L’eau vive de la Samaritaine

L’eau vive de la Samaritaine

Dans l’Évangile, les enseignements les plus profonds se cachent souvent dans les circonstances les plus banales. Aujourd’hui, Jésus rencontre une femme au puits de Jacob, fatigué de sa marche dans le désert. Il lui demande simplement à boire, un geste si naturel. On pourrait penser qu’il est un homme “comme nous”, connaissant la fatigue et la chaleur de la journée.

Mais Jésus n’est pas un homme “comme nous”. Bien qu’il ait assumé une nature humaine semblable à la nôtre, il reste le Verbe de Dieu, le Fils éternellement engendré du Père. Ainsi, lorsque Jésus prononce ces mots ordinaires : “Donne-moi à boire”, c’est Dieu lui-même qui, à travers le Christ, révèle une partie de son mystère et du nôtre. D’ailleurs, à l’approche de la Passion du Christ, il est impossible de réduire cette rencontre au puits de Jacob à un simple fait divers. Nous savons que l’une des dernières paroles que Jésus a prononcées, criées même depuis la Croix, est : “J’ai soif”. Est-il possible que Dieu, qui est la plénitude même, manque de quelque chose pour dire, en la personne du Christ : “J’ai soif” ?

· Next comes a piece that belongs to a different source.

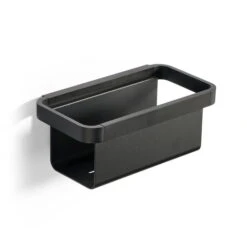 Zone Denmark - Rim Shower Shelf, 11 X 22 Cm, Black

Le dialogue entre Jésus et la femme samaritaine prend rapidement un tournant étonnant. Alors qu’il lui a demandé à boire, il lui offre une eau vive qui apaise toute soif. Elle lui demande alors : “Seigneur, donne-la moi, cette eau”. Au lieu de lui répondre, Jésus l’amène à lui confier les deux drames de sa vie. D’abord, son échec matrimonial : “Je n’ai pas de mari”. Puis sa détresse religieuse : elle ne sait pas où adorer Dieu ; les écoles s’opposent entre la montagne et Jérusalem. Ce bref échange avec Jésus met en lumière les deux obstacles majeurs qui empêchent cette femme de rejoindre Dieu. Sans la juger, Jésus l’a amenée à reconnaître humblement les deux impasses de sa vie, les deux soifs perpétuellement insatisfaites qui rendent son existence malheureuse.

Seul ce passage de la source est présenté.